The point at which a borrower's position becomes eligible for liquidation. If your collateral value drops below this threshold relative to your debt, liquidators can repay part of your loan and claim your collateral at a discount.
Every loan in a DeFi lending pool must be overcollateralized. This is the primary mechanism that protects lenders — if a borrower defaults, their collateral can be liquidated to repay the debt.
When a borrower's collateral value falls below the liquidation threshold, external actors called liquidators step in. They repay a portion of the borrower's debt and receive the borrower's collateral at a discount (the liquidation bonus). This process is automated and incentivized by the discount, ensuring bad debt is quickly resolved.
Lending pools rely on price oracles (like Chainlink) to determine the current value of collateral and debt assets. Accurate and timely price data is critical — oracle failures or manipulation can lead to improper liquidations or undercollateralized positions.
Newer protocols increasingly use isolated pools and risk tiers to prevent a problem with one asset from cascading across the entire system.
Because each protocol operates its own lending pools with its own parameters, rates can vary significantly.
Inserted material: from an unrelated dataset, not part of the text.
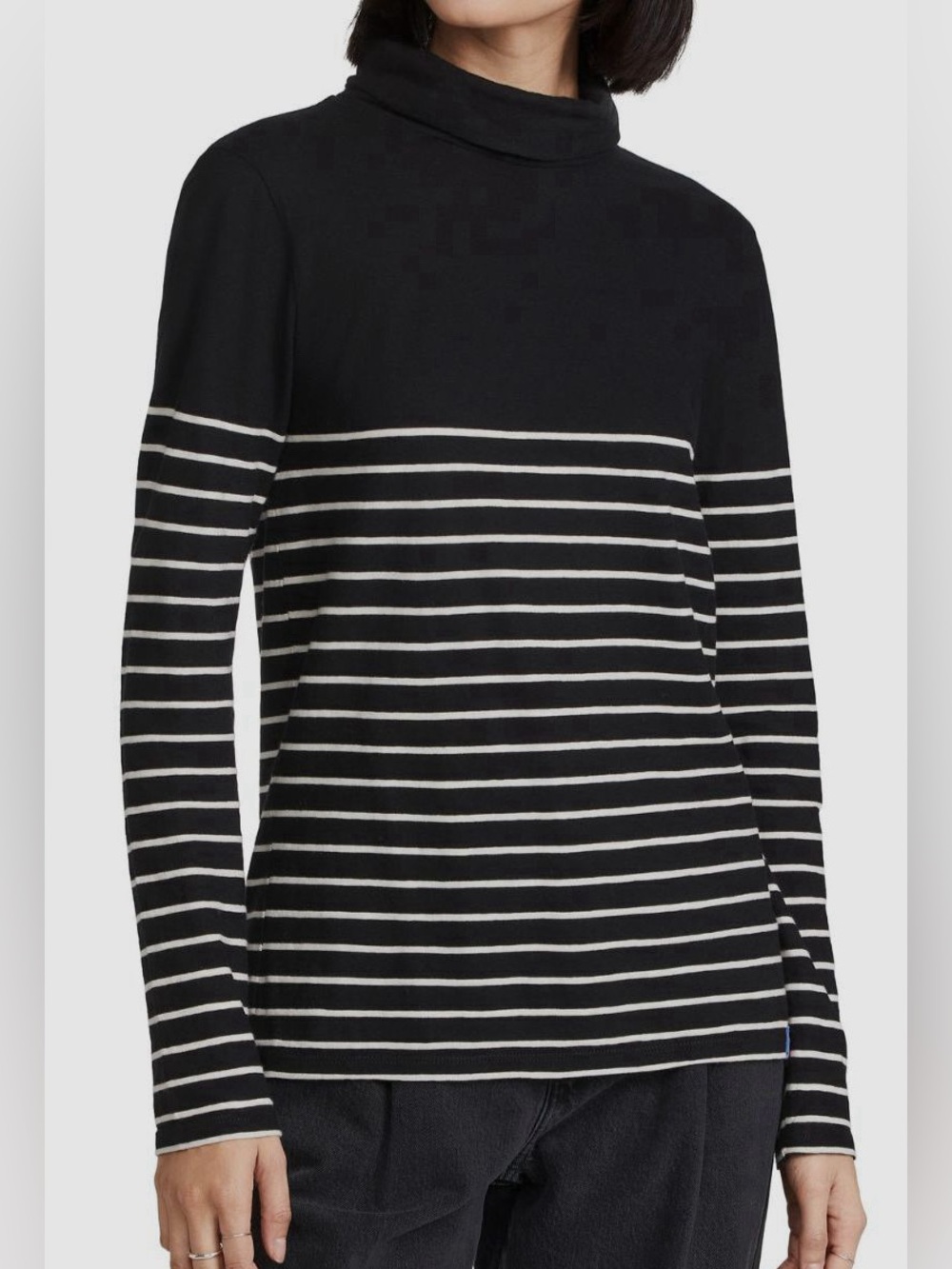 KULE Black & White Striped Cotton Turtleneck Top – Medium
A USDC lending pool on Aave might offer 4% APY while the same asset on Compound offers 6% and Morpho offers 7%. These differences arise from variations in utilization, reserve factors, interest rate models, and token incentive programs.
Borrow by Sats Terminal was built to solve this exact problem. By aggregating rates across multiple DeFi lending protocols, it lets you compare where to supply or borrow in a single interface — whether you are looking to earn yield on stablecoins or find the best rate for a Bitcoin-backed loan. More specifically, Borrow shows each supported pool — Aave v3 and Morpho Blue markets plus a curated set of CeFi providers — alongside its current rate, max LTV, and liquidation price, and labels every option as custodial or non-custodial. You can see how a pool's utilization-driven supply rate translates into the actual borrow APY for your BTC, side by side with every alternative.
Start with established protocols that have undergone multiple audits and have significant total value locked. Aave, Compound, and Morpho are among the most trusted lending protocols in DeFi.
Decide which asset you want to lend. Stablecoins tend to offer higher, more consistent supply rates. Volatile assets like ETH or wBTC may offer lower rates but let you maintain exposure to price appreciation.
Connect your wallet to the protocol's interface, approve the transaction, and deposit your funds. You will receive a receipt token representing your position.
Check your position periodically. Supply rates change as utilization shifts, and you may want to move funds to a different pool or protocol if rates become more favorable elsewhere.
Lending pools are the engine of decentralized lending. They pool capital from individual lenders, make it available to borrowers, and use smart contracts and economic incentives to manage interest rates, risk, and liquidity automatically. Understanding how they work — particularly the role of utilization rates, interest rate models, and reserve factors — gives you a significant advantage when deciding where to deploy your capital in DeFi. Whether you are a lender seeking yield or a borrower looking for the best rate on your crypto collateral, tools like Borrow by Sats Terminal help you navigate the lending pool landscape efficiently.
The borrower side is where Borrow does the most abstraction: native BTC goes in, and the aggregator handles which wrapped form (wBTC, BTCB, or cbBTC) the winning lender's pool actually requires — a detail you'd otherwise have to research per protocol.
Common Questions
A lending pool is a smart contract that holds cryptocurrency deposited by lenders and makes it available for borrowers to take out as loans. Lenders earn interest from the pool based on how much of the funds are being borrowed (the utilization rate), and borrowers pay that interest in exchange for accessing the liquidity. The entire process is automated by code — no bank or intermediary is involved.